The other Wave is appliances – you can see Violin Memory appliance which can be used with MySQL to get very fast IO and so consolidate system suffering from IO bound workloads. There is KickFire appliance around the corner which more focuses on CPU bound complex queries and there are more in development.
Though I think most interesting development when it comes from Web Apps come from another side and is abut not SQL and non relational data processing and storage system – BigTable with MapReduce, Amazon Dynamo and SimpleDB, Hadoop
Another angle of customization of data store and processing was using non SQL and not systems – Google Big Table, Amazon Dynamo and SimpleDB, Hadoop, CouchDB which comes computed with Cloud Computing and dealing with geographically distributed very large scale systems.
This is the area where I would expect next big innovation to happen, when it comes to Web applications.

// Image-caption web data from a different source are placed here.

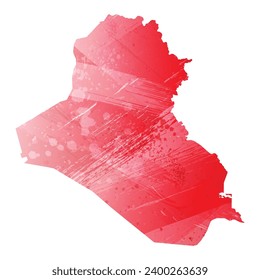 High detailed vector map. Iraq. Watercolor Style. Alizarin red color.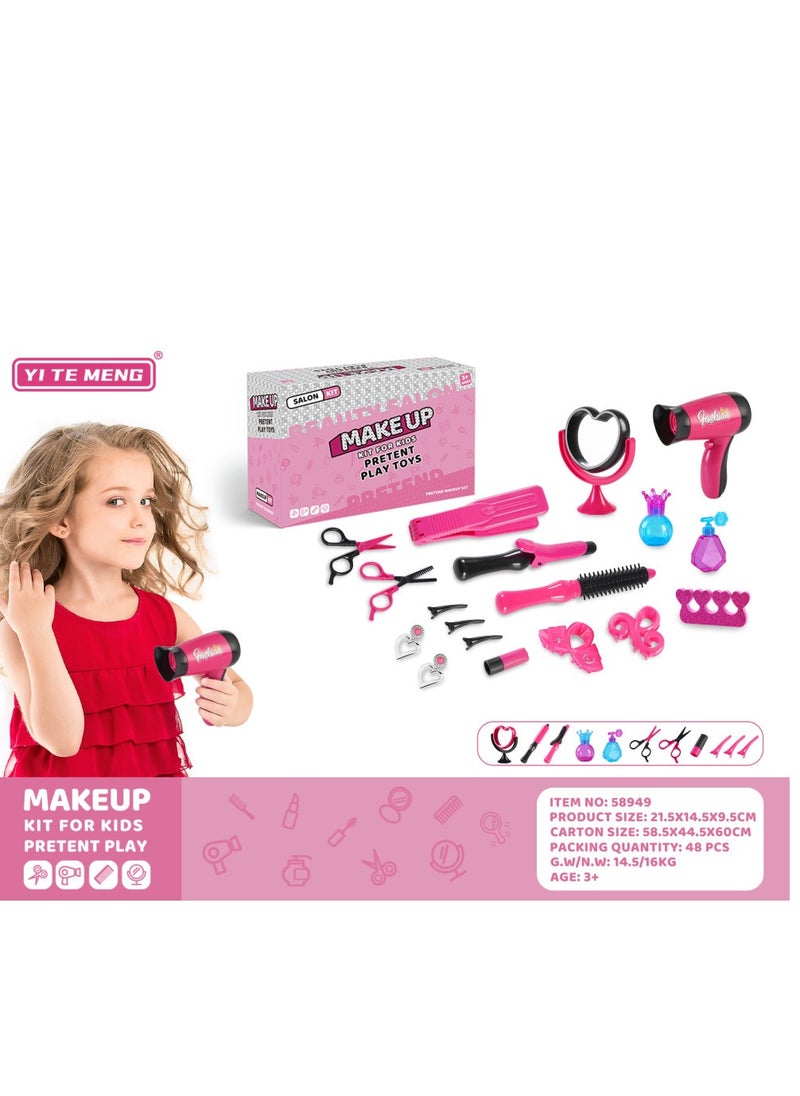 Kids Makeup Kit for Girls Makeup Set, Hairdressing Tools Toy Set Girls Accessories Handbag Real Washable Make up Kit for Little Girl Princess Toddler Makeup for Kid Birthday Gifts Toys for Girls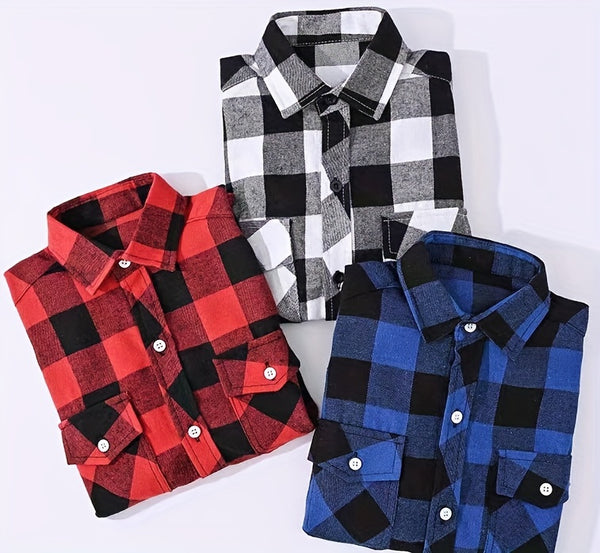 3 Men'S Plaid Shirt Top Lapel Long Sleeve Closure Men'S Casual Shirt Suitable for Men'S Daily Holiday Street Wear Casual Plaid Shirt Four Seasons Fashion Comfortable Fit Red, Blue And Black 3-Color Combination Pc Button Collar Chest Pocket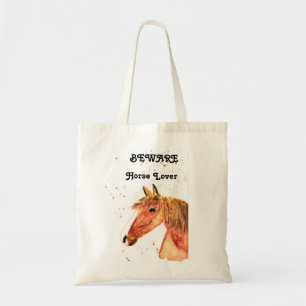 Süßes Pferdeliebhaber Mädchen moderne Wasserfarben Tragetasche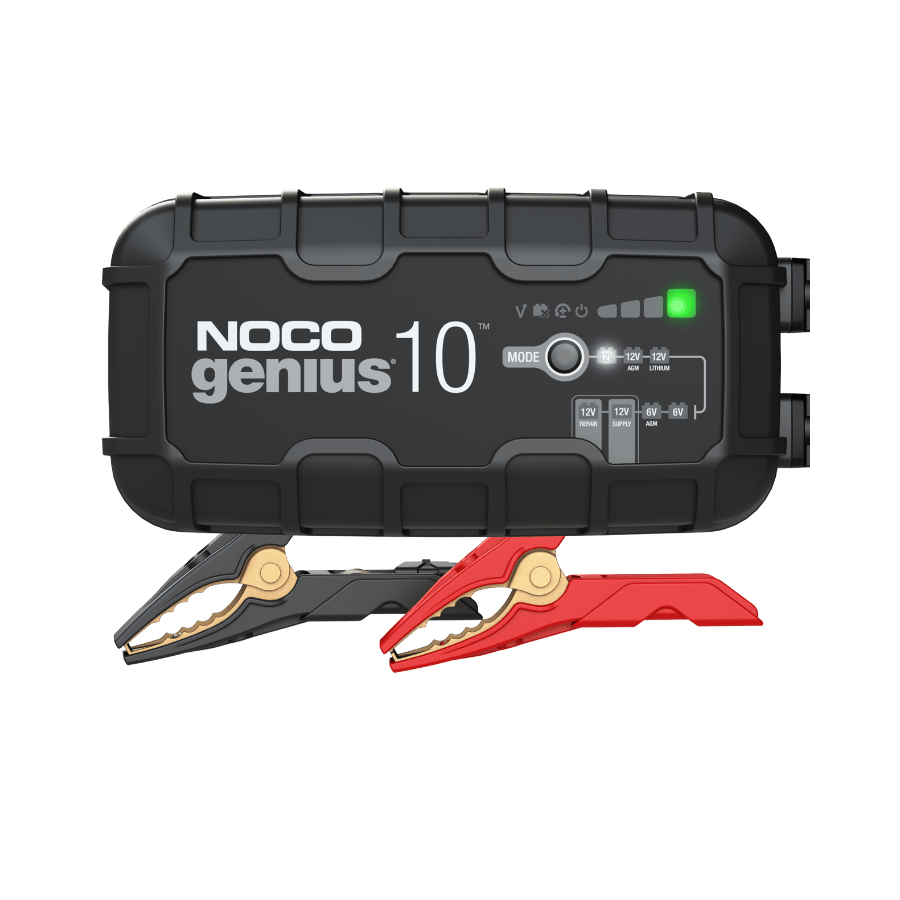 NOCO Genius10 10A Batterieladegerät mit roten und schwarzen Batterieklemmen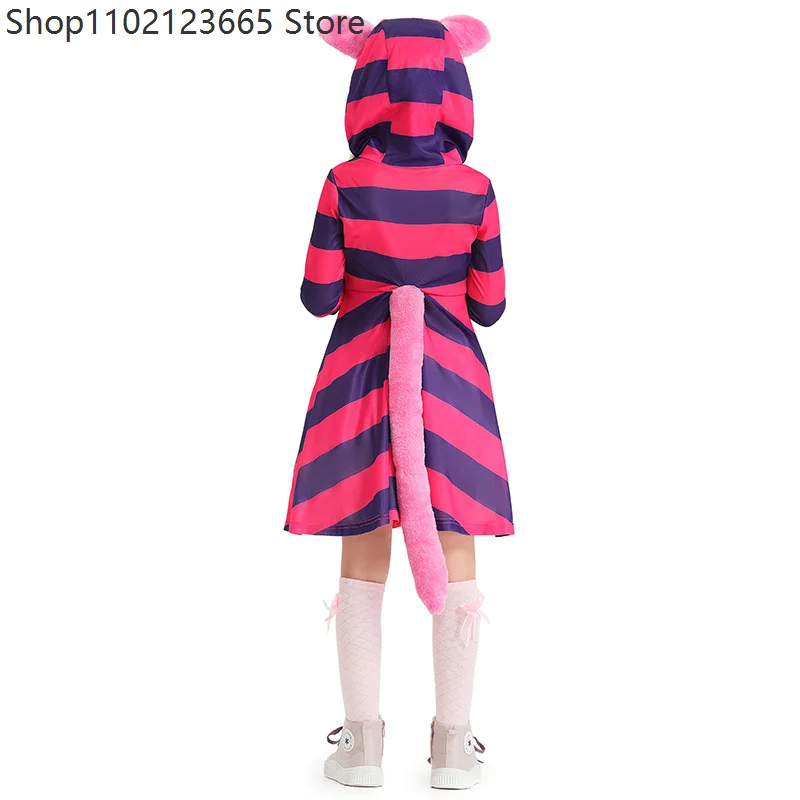 New Enfant Cheshire Cat Cosplay Costume Chicas Purple Striped Print Grinning Cat Dress Hallloween Purim Party Fancy Dress 2026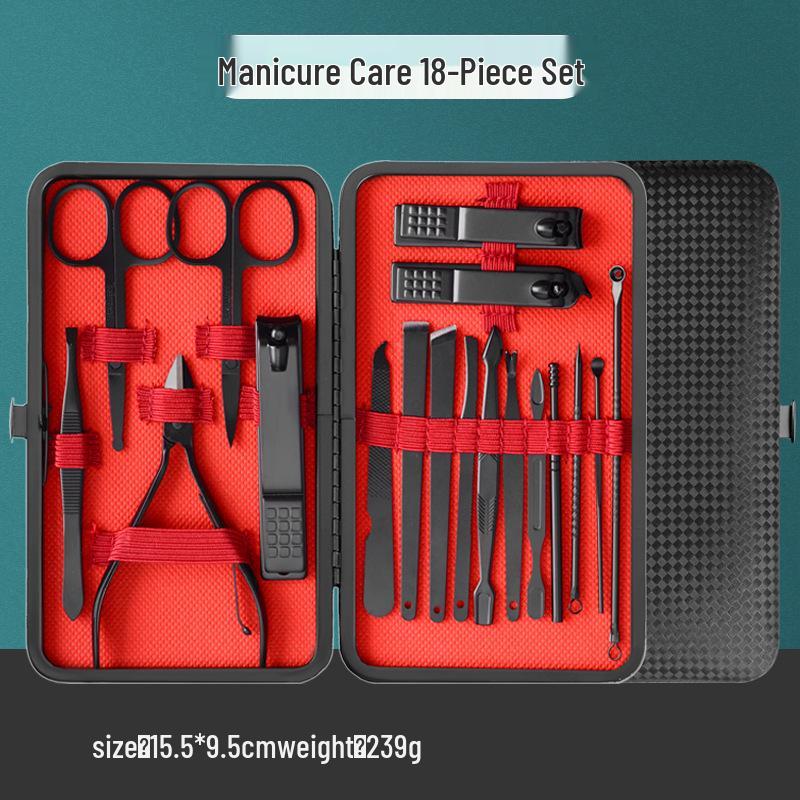 Spot Black 24-Piece Stainless Steel Nail Clipper & Pedicure Set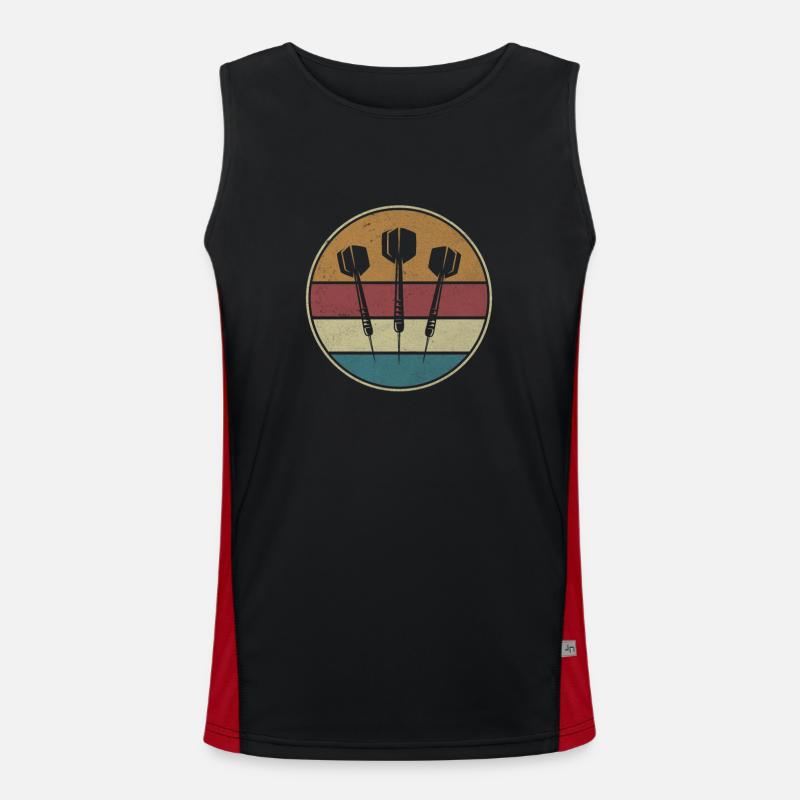 Vintage Darter Darts Player 3 Arrows Darts Gift Men's Functional Contrast Tank Top 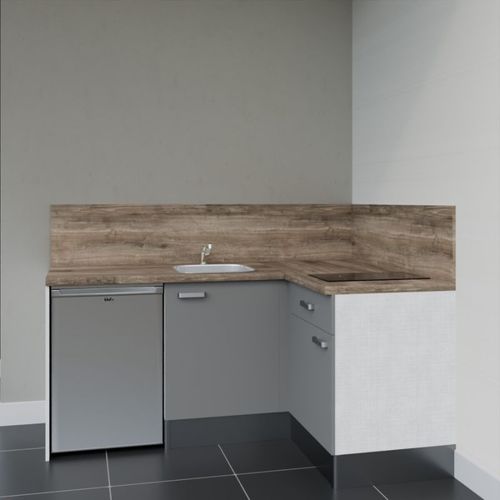 Kitchenette D'angle Ka01l-pt-façade Gris-plan Bois-evier Inox-crédences Oui+electro Inox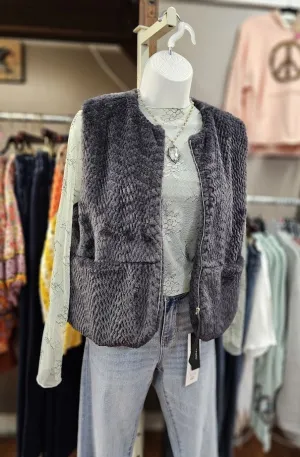 Faux Fur Waist Length Zip Front Vest w Front Pockets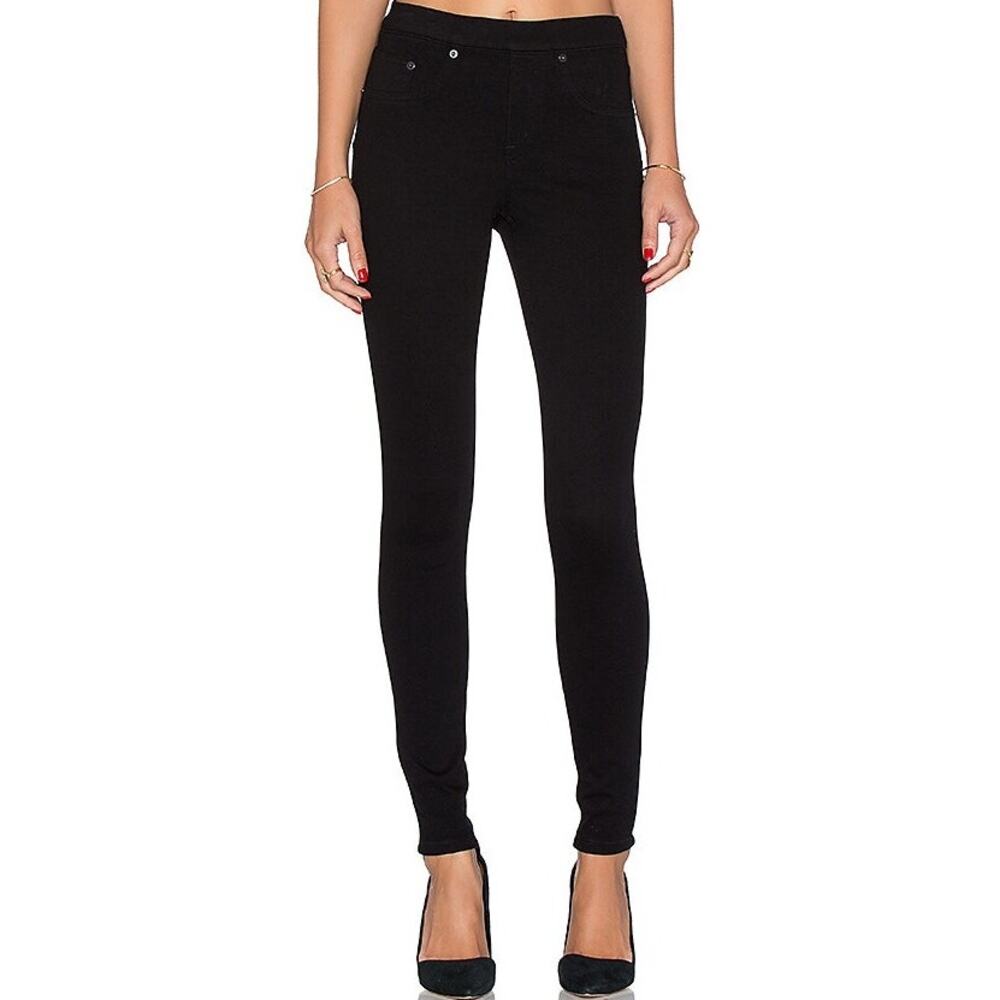 Spanx Twill Jegging Pants Skinny Banded Waist Pull On Stretch Very Black Medium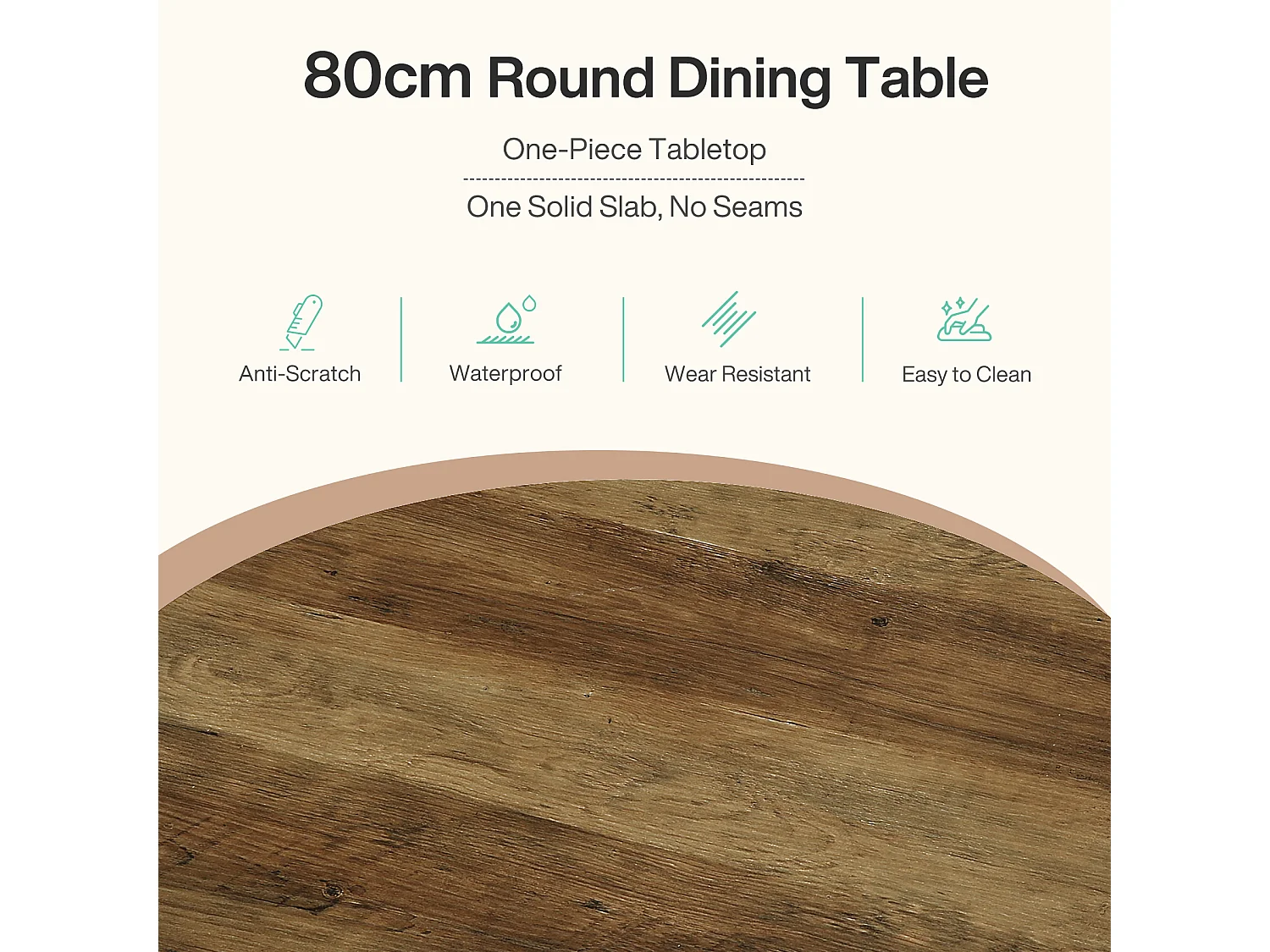 Table ronde pour 2 à 4 personnes, 80 cm, petite table de cuisine ronde de style campagnard pour salle à manger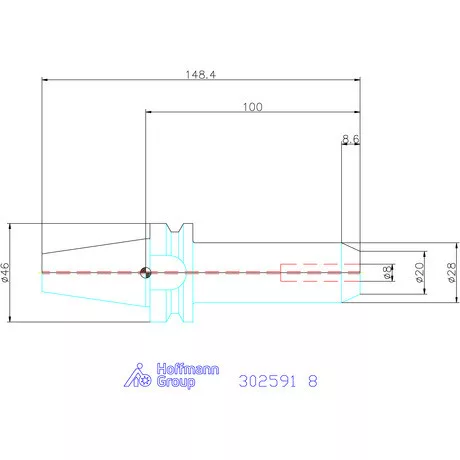Garant Menesztőlapos befogó AD alak hűtőcsatorna furattal 8 mm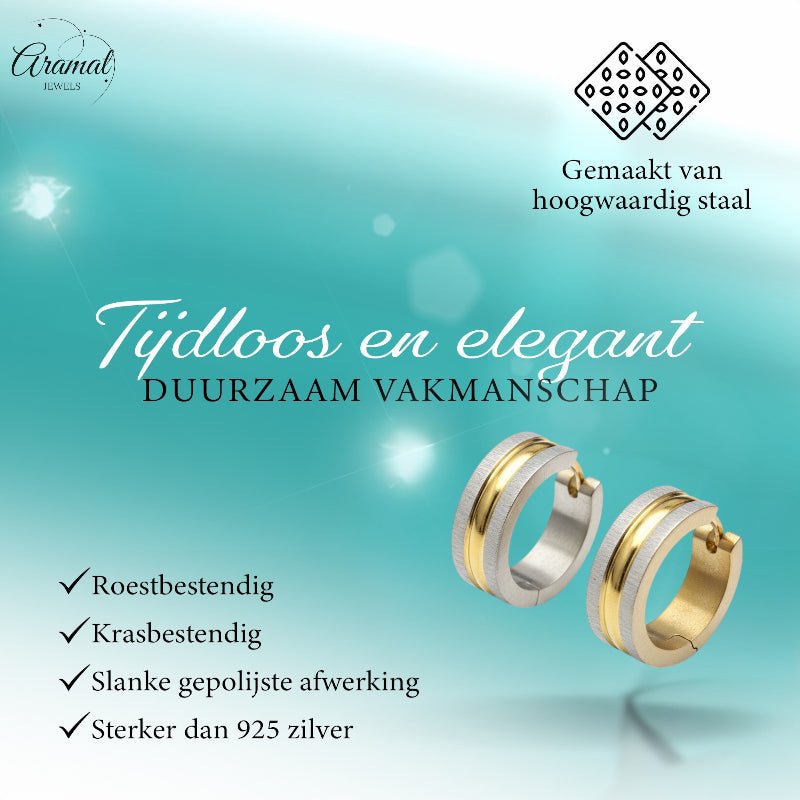 Oorringen &acirc;&euro;&ldquo; Mat Bicolor RVS Zilver/Goud Streepjes (20x7mm) -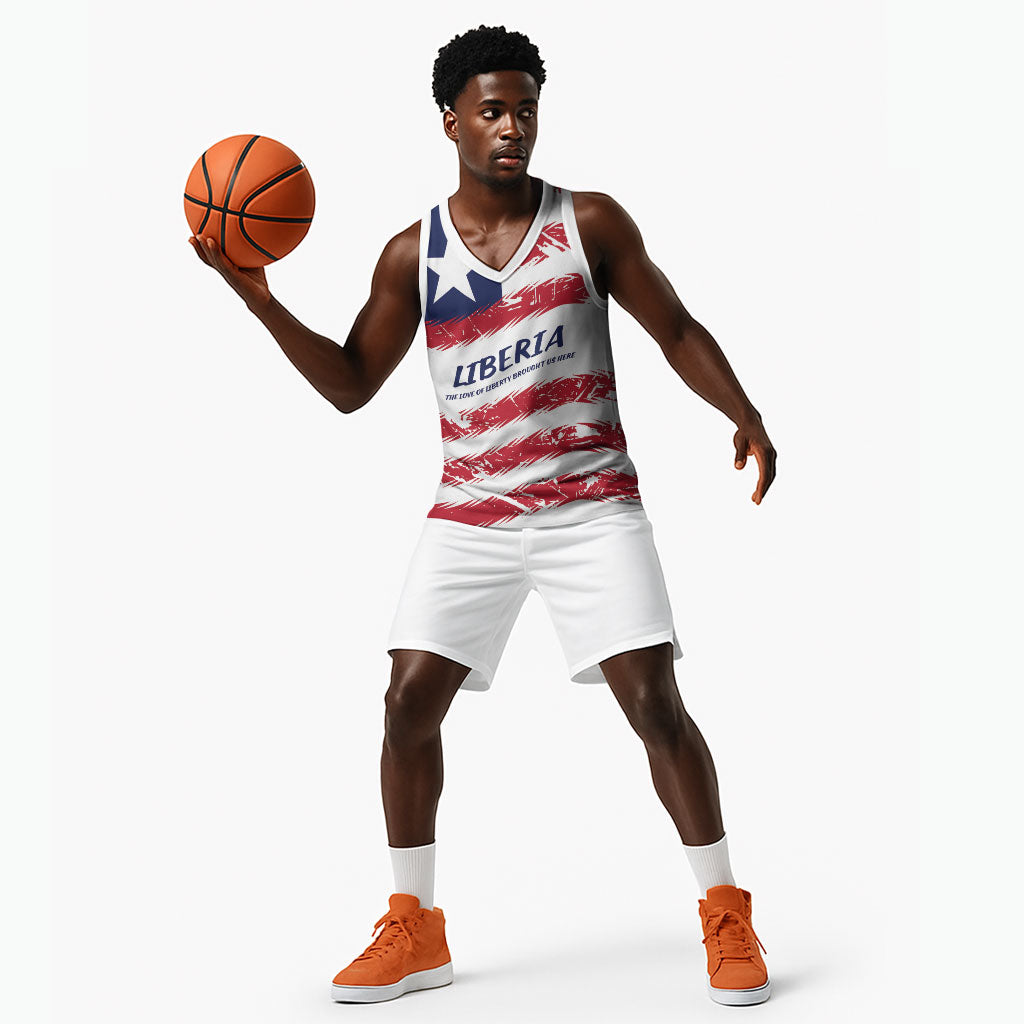 Personalized Liberia Lone Star Flag Basketball Jersey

Web applications concepts operate with concepts which are not very efficiently handled with SQL and relational operations (think social graph or permissions).
I would expect MySQL to continue to drill into Enterprise market during next few years but Web Applications starting to more and more relay on alternative systems for data storage and management (well Google does it already).
I also think the piece which is missing now is not the database but rather concept and platform – developers do not want to care about database and caching they just want their application to be quickly developed and scale well. So what we need is some kind of breed between Ruby on Rails in terms of getting it up and running fast and Scalability on the scale of Big Table with Map Reduce.
Indeed I think MySQL Replication usage will reduce, but I would not expect Memcached to be leading pushing factor.